For the Hannover-based Beller, art is something that she lives and breathes. Having studied architecture originally, her creative process incorporates discipline juxtaposed with intuition. Remaining open to possibility has led to her joining Web3, being one of the many emerging artists to benefit from minting their art on the blockchain. Despite the expectations to be always online, Beller understands the importance of staying present in life and creative expression.
Margaret Murphy: You originally studied architecture. In what ways does architecture influence you as a visual artist working in abstraction?
Anna Beller: Working several years as an architect has shaped me a lot from an aesthetics point of view, but it also equipped me with some pragmatism. In architectural design and drawing, you work in series, testings and variations. You shape, repeat, delete, and start again. You work with concepts and logic structures, proportions and colour schemes. Mostly you don’t have much time.
As an artist I work fast and in series, with concepts and the points. In my digital series, many times I work with geometric ideas and I use architectural software. My larger painting process-based works are quite different. I work with fluid colour. I don’t like borders, I mostly work on large unstretched canvas on the floor. Still, I’m designing and it’s very much about aesthetics, complemented by personal expression and using my body in the physical act of painting.
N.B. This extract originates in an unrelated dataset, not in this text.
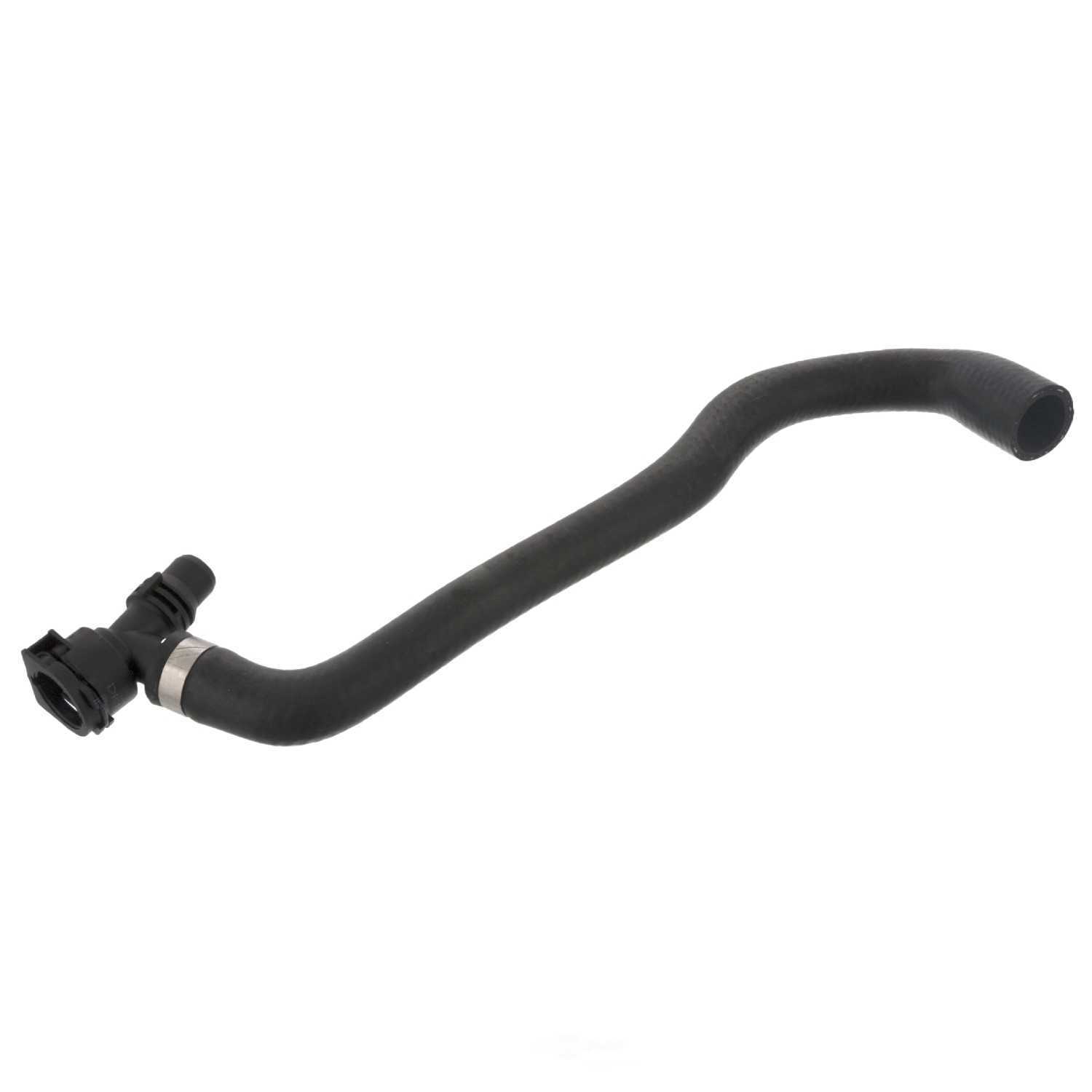 Radiator Coolant Hose Febi Bilstein 46487 for sale online | eBay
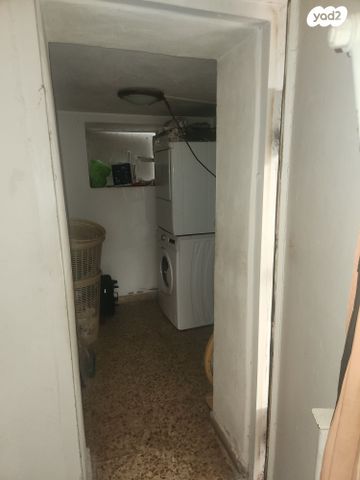 בית פרטי/ קוטג', טשרניחובסקי, קרית מטלון, פתח תקווה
Contrary to architectural drawings I avoid using scale in my abstract expression: Abstract art is being experienced in a “scaleless” way—opening the doors to another space has been most fascinating to me.
MM: In an interview with RightClickSave, you stated that art can be like a religion—could you elaborate on that idea as it relates to your own art?
AB: Many people living in hectic cities frequently go to museums on Sundays, they probably don’t go to church services. These people experience art in silent rooms surrounded by complementing architecture. They find something to hold on to when looking at it. Some have an art collection at home and have a relationship with it, or maybe an art book, or are looking at an NFT.
In the end, art can give you power and trust. It can be something to believe in beyond the physical dimension. I’ve been visiting museums and galleries since childhood, soaking up art. Today, going to museums can calm me and allow me to connect to a different space. Art provides me with an experience of timelessness and spacelessness.
MM: Your color choices range from subtle and muted pastels to bright primary colours, there is much personality in them. What is your relationship with colour?
AB: I work a lot with inner colour visions, some that I remember since my early childhood. I keep them like an inner treasure. I often react in a sensory way with regard to colour exposition. During my second pregnancy, I had to stop painting with bright primary colours because I felt sick when I saw them. When I started using cold blue ink instead, I immediately felt better.
In my current paintings I experiment a lot with fluid colour. I give those liquidities a lot of space to flower out—colour pigments melt, pushing each other and surprising me. I do interact with the colour flow very intuitively but at the same time controlled.
MM: You frequently use the “soak stain technique” established in the 1950s by American abstract artist Helen Frankenthaler and developed by Morris Louis in which highly thinned colors soak into unprimed canvas, generating organic shapes, movement and overlapping color. How have you interpreted this technique to make it your own?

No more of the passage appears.